Abstract

Histological grading of ductal carcinoma-in-situ (DCIS) lesions separates DCIS into three subgroups (well-, moderately, or poorly differentiated). It is unclear, however, whether breast disease progresses along a histological continuum or whether each grade represents a separate disease. In this study, levels and patterns of allelic imbalance (AI) were examined in DCIS lesions to develop molecular models that can distinguish pathological classifications of DCIS. Laser microdissected DNA samples were collected from DCIS lesions characterized by a single pathologist including well- (n = 18), moderately (n = 35), and poorly differentiated (n = 47) lesions. A panel of 52 microsatellite markers representing 26 chromosomal regions commonly altered in breast cancer was used to assess patterns of AI. The overall frequency of AI increased significantly (P < .001) with increasing grade (well differentiated, 12%; moderately differentiated, 17%; poorly differentiated, 26%). Levels of AI were not significantly different between well- and moderately differentiated grades of disease but were significantly higher (P < .0001) in poorly differentiated compared with well- or moderately differentiated disease.
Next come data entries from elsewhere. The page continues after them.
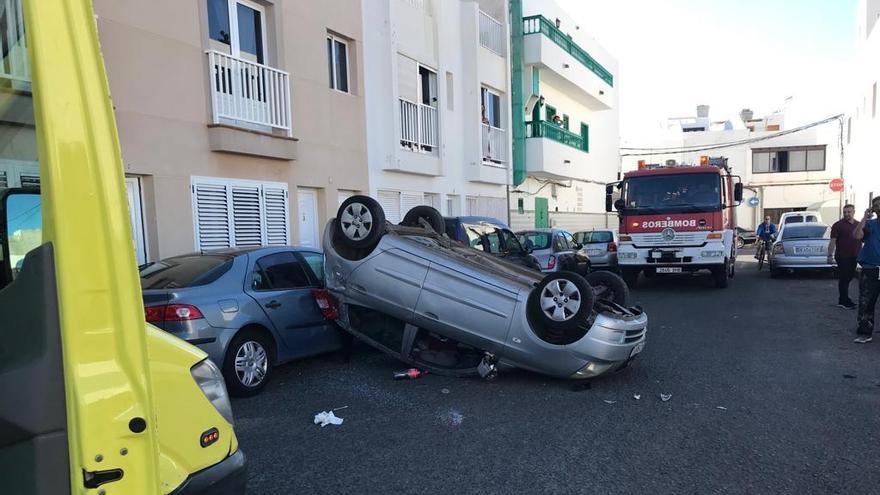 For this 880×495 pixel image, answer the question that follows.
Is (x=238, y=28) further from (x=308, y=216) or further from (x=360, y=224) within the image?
(x=360, y=224)

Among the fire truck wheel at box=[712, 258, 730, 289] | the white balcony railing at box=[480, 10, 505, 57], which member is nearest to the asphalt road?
the fire truck wheel at box=[712, 258, 730, 289]

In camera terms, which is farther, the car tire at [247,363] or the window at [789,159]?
the window at [789,159]

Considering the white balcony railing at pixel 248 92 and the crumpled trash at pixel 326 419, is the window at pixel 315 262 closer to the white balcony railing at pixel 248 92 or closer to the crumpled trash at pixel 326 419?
the crumpled trash at pixel 326 419

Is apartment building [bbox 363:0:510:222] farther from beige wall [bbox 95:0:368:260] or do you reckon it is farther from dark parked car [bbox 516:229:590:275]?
dark parked car [bbox 516:229:590:275]

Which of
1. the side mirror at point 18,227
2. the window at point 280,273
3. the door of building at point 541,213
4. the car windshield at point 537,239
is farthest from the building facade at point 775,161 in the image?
the side mirror at point 18,227

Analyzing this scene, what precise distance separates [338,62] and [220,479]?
11.6 metres

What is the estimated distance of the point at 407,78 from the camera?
46.7ft

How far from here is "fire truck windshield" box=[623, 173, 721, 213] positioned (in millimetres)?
12250

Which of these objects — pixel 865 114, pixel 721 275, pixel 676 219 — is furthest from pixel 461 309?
pixel 865 114

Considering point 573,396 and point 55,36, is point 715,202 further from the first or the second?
point 55,36

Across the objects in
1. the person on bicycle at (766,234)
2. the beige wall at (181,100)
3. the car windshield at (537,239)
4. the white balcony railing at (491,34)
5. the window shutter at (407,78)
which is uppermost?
the white balcony railing at (491,34)

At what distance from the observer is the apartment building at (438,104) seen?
43.5 feet

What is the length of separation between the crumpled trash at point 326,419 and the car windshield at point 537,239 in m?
7.87

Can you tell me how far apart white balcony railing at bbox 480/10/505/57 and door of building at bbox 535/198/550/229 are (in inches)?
230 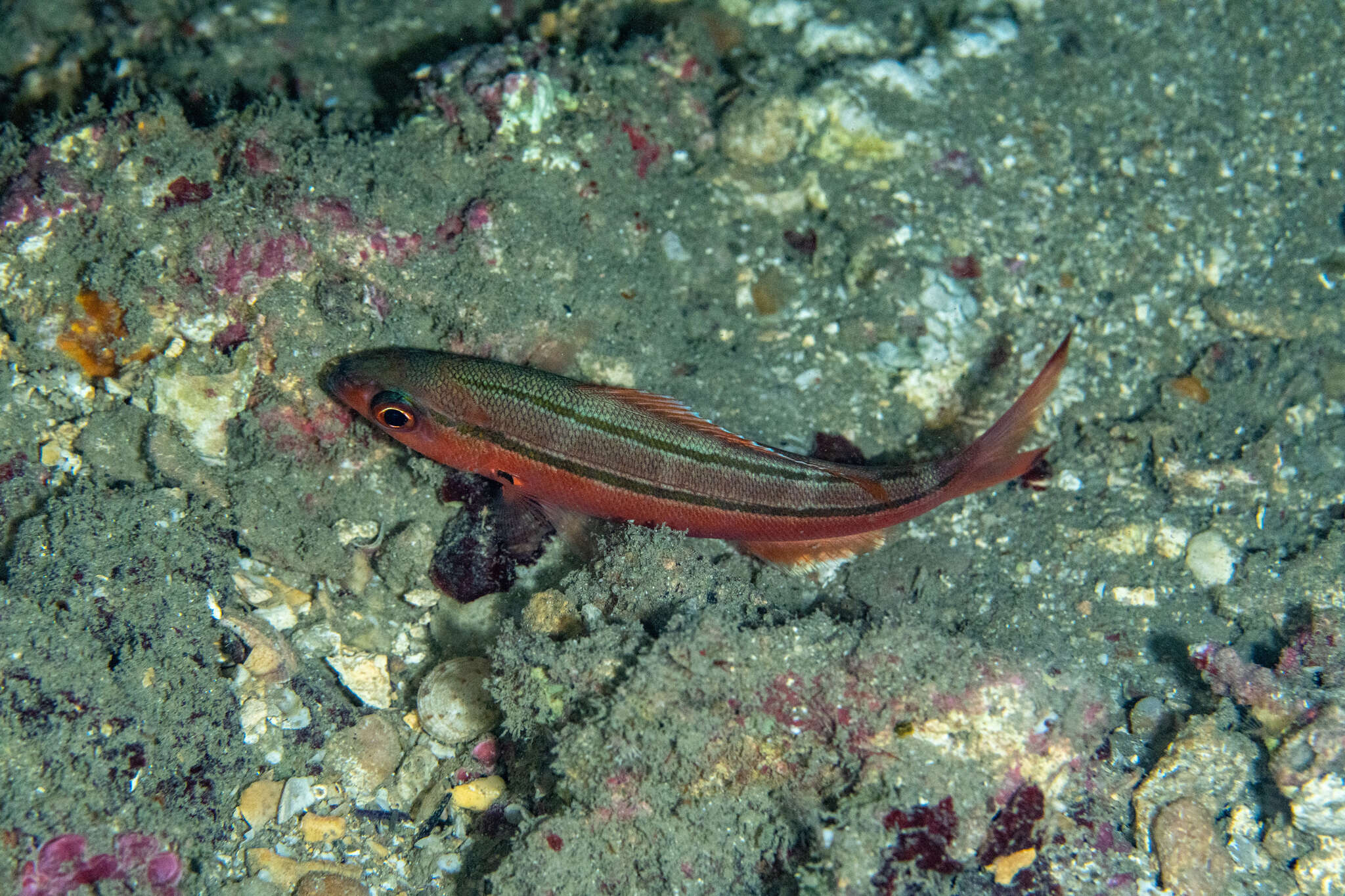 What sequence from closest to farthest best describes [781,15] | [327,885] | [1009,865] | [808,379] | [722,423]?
[1009,865], [327,885], [722,423], [808,379], [781,15]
No statistically significant differences in patterns of AI were detected between well- and moderately differentiated disease; however, AI occurred significantly more frequently (P < .05) in high-grade lesions at chromosomes 6q25-q27, 8q24, 9p21, 13q14, and 17p13.1, and significantly more frequently in low-grade lesions at chromosome 16q22.3-q24.3. The inability to discriminate DCIS at the genetic level suggests that grades 1 and 2 DCIS may represent a single, non-high-grade form of DCIS, whereas poorly differentiated DCIS seems to be a genetically more advanced disease that may represent a discrete disease entity, characterized by a unique spectrum of genetic alterations.